__PROMPT__
Output, word for word, the span of lines that starts at the one containing "this 750×563 image." and ends at the last line of the records.
───── EXERCISE DATA
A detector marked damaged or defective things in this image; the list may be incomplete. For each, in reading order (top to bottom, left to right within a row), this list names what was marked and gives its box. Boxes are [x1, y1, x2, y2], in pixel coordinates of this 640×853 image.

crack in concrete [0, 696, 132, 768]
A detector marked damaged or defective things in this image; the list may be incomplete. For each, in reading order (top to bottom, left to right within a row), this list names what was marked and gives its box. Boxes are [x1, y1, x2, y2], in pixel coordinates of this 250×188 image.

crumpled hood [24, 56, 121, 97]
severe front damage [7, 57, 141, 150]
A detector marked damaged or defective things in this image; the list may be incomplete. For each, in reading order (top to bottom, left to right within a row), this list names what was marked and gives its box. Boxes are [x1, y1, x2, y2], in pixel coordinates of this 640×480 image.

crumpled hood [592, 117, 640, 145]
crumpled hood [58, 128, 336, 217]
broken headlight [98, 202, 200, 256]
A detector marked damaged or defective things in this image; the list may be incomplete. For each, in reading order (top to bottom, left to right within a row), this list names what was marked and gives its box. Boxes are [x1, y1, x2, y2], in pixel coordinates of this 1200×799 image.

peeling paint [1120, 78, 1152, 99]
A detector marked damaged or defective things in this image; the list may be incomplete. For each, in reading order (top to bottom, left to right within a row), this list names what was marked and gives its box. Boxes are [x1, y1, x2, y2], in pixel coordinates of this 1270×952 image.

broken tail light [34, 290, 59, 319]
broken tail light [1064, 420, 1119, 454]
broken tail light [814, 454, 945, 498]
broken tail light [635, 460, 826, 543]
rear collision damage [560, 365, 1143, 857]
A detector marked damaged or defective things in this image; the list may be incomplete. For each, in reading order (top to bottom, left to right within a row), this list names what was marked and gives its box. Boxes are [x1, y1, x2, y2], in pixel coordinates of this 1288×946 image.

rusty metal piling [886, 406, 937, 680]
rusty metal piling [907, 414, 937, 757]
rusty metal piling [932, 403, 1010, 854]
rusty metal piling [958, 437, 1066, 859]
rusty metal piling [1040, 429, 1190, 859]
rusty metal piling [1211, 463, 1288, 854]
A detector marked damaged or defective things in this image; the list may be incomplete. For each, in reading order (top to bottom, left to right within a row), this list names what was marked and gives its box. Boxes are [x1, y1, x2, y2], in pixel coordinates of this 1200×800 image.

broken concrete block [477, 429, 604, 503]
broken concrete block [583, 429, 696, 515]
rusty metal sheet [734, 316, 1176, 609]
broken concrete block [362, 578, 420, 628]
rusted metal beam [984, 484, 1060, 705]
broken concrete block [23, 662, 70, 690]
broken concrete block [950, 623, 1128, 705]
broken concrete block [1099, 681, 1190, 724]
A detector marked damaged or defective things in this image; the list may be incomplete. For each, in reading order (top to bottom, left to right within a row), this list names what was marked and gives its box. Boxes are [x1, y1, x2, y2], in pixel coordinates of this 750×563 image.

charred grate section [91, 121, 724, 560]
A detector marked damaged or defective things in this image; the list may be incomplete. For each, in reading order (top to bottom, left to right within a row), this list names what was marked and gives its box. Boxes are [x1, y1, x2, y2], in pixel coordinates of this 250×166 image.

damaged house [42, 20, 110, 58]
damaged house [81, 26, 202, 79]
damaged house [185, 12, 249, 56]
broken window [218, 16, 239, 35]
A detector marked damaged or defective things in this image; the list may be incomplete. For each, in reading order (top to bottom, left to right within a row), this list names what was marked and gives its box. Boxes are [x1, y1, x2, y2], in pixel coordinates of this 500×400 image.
──────────
__PROBLEM SOLUTION__
A detector marked damaged or defective things in this image; the list may be incomplete. For each, in reading order (top to bottom, left to right within a row), this list names what was marked and gives its box. Boxes are [x1, y1, x2, y2], in pixel coordinates of this 750×563 image.

charred grate section [91, 121, 724, 560]
A detector marked damaged or defective things in this image; the list may be incomplete. For each, in reading order (top to bottom, left to right within a row), this list names what was marked and gives its box. Boxes are [x1, y1, x2, y2], in pixel coordinates of this 250×166 image.

damaged house [42, 20, 110, 58]
damaged house [81, 26, 202, 79]
damaged house [185, 12, 249, 56]
broken window [218, 16, 239, 35]
A detector marked damaged or defective things in this image; the list may be incomplete. For each, in reading order (top to bottom, left to right within a row), this list names what was marked and gives its box. Boxes are [x1, y1, x2, y2], in pixel coordinates of this 500×400 image.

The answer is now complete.